David: You guys did a big thing this past Friday as well, right? With one of the police chiefs?
Bill: Yes, on Nevada Day we honored the captain who runs the Clark County Sheriff’s Department on the Strip. He was in charge of the response team that went to the concert when the firing started. We gave him a check for a million dollars that our foundation raised. I’m very proud of what we’ve been able to do to help. But then the wildfires started! Can you imagine?
David: I felt bad because I originally made the request for this interview with your assistant right after the home opener when I was in Vegas at the time. But then the fires started and I knew between the shooting and the potential threat to your wineries, you must have been a nervous wreck.
Bill: It was crazy. We were planning to go to Vegas that Monday after the violence, but I had called down and talked to a few people and every one was under such distress, so we decided to stay in Northern California until that Friday. Then the fires started that Sunday while we were gone.
David: Were you drinking your own wine during the first game to help get through all the stress?
Bill: We have a suite at center ice where I sit in the first row with the GM George McPhee and the assistant GM Kelly McCrimmon. The people who are in the suite think I’m rather anti-social (laughs) because I’m down there watching the game instead of talking to them. But it’s so intense!
David: Well, you’re not really there to schmooze and booze, right? This is your baby! Your very own team going out there each night.
Bill: Exactly, and then we got off to that great start, so I’ve been really wrapped up in it.
David: Explain to me how this all came about, will you? Owning a hockey team in Las Vegas…
Bill: I got directed to the idea of hockey in Vegas by the Malouf family. We went through the process of meeting with the league and they told me I needed to put down a fifty million dollar non-refundable deposit and assure them the arena would be ready on time. I told them: “I can’t put down a fifty million dollar non-refundable deposit!” So I called Commissioner Gary Bettman and he told me the league would allow us to have a season ticket drive, to demonstrate the viability of the market. We did that and within thirty days we had taken deposits on over ten thousand season tickets. Eventually we got to 13,500 deposits. The league saw that and allowed us to make our preparations. So far everything has worked out, other than the fact that all of our goalies are getting hurt.
David: Right! First Marc-Andre Fleury gets the concussion, then Subban gets hurt.
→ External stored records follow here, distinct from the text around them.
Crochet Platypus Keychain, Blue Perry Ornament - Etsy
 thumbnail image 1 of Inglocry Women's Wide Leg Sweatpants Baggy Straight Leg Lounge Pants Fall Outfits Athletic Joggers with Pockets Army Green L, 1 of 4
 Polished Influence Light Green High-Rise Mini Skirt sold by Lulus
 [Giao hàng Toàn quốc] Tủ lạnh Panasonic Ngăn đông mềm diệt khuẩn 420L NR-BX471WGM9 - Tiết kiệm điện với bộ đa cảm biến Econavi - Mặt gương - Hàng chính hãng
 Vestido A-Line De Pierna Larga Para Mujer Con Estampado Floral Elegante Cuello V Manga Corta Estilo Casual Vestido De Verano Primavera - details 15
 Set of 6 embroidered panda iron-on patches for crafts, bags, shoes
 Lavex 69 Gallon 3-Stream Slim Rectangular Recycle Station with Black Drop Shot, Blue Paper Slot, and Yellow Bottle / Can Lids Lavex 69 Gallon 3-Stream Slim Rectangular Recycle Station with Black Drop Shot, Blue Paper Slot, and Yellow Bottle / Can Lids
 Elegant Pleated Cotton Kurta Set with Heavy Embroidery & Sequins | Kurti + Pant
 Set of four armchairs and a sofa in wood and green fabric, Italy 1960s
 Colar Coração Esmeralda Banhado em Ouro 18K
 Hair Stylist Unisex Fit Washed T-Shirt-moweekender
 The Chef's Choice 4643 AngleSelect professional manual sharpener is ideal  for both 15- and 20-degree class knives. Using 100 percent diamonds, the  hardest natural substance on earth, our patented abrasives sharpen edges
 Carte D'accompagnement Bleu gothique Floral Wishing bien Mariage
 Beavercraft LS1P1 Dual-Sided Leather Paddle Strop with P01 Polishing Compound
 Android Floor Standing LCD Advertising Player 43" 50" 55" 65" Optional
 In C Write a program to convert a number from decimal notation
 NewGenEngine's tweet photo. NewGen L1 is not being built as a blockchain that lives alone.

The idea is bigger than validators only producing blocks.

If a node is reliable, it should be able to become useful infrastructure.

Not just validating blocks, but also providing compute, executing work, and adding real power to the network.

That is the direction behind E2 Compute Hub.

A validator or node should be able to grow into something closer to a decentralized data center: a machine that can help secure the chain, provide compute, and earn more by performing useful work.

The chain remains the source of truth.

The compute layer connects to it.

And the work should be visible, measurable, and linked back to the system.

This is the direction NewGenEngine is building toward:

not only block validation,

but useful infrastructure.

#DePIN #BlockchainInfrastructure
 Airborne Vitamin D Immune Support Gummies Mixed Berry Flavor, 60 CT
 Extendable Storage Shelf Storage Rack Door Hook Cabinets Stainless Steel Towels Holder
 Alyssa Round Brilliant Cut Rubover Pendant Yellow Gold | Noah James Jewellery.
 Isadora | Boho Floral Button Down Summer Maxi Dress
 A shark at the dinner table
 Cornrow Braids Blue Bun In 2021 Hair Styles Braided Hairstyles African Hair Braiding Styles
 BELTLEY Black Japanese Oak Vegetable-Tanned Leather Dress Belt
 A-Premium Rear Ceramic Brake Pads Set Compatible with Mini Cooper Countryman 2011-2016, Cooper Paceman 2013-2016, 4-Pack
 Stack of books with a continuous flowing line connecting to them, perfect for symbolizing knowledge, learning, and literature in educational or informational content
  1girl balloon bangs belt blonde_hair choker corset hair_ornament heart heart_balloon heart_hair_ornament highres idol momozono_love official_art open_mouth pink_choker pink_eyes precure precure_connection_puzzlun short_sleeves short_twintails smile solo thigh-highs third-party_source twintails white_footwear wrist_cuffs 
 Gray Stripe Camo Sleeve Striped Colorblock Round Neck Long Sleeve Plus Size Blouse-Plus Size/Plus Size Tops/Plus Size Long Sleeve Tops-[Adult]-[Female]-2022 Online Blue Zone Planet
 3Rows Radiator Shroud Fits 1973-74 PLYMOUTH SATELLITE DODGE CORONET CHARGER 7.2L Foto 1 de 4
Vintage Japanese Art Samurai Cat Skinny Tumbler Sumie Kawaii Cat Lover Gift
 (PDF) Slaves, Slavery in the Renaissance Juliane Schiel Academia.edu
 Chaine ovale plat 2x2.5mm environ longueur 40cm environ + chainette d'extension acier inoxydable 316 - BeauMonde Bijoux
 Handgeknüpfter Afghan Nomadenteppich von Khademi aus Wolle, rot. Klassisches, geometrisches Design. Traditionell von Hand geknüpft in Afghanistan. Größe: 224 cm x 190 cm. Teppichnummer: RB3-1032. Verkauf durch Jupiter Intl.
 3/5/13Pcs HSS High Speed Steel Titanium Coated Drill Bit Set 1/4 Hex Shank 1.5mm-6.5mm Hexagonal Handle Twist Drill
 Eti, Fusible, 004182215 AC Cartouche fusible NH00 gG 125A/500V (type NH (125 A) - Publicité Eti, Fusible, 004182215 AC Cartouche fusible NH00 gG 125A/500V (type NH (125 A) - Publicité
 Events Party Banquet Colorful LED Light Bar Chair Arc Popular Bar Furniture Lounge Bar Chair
Now Oskar Dansk is out after the Islanders game! Whose going in for the next game?
Bill: Our goalie’s name is Maxime Lagace. He’s from Quebec. We brought him in originally for a game after Fleury got hurt, but then we picked up Subban off waivers. So we sent him down to our AHL affiliate. We then brought up Dansk to be Subban’s back-up. Fluery and Subban should be back shortly. A concussion’s hard to figure out through. He wants to get back and play. He’s so bummed. Subban might be back first, however. We think we’ll get one of the two back shortly, but probably not on this road trip. We’ve got ten days of desperation ahead of us.
David: Despite all this, you’re at the top of the ESPN NHL power rankings! I always check it to see if they’re going to finally give you the respect you deserve.
Bill: They won’t give us any credit! Isn’t it ridiculous? You listen to the commentators and they say things like: “Well, they haven’t really played anybody yet.” We beat the Blackhawks, the Blues, Dallas, and the Avalanche. We’re beating established teams. These are not pushovers.
David: It seems like the response in Vegas has been incredible. I see Golden Knights gear all over Summerlin when I go home.
Bill: It’s been incredible. It’s like the team is feeding off of Las Vegas and Las Vegas is feeding off this team. It’s become a symbiotic relationship. The town knows that we’re Vegas born and that we’re the first professional sports team to play here. Every night has been a complete sell out.
David: So are you having a glass of wine to celebrate all this as you watch each game?
Bill: In the suite, it’s just water. Just water during the game. But immediately after the game it’s Chalk Hill Chardonnay or Lancaster Cab if I want a red. Those are my two go-tos.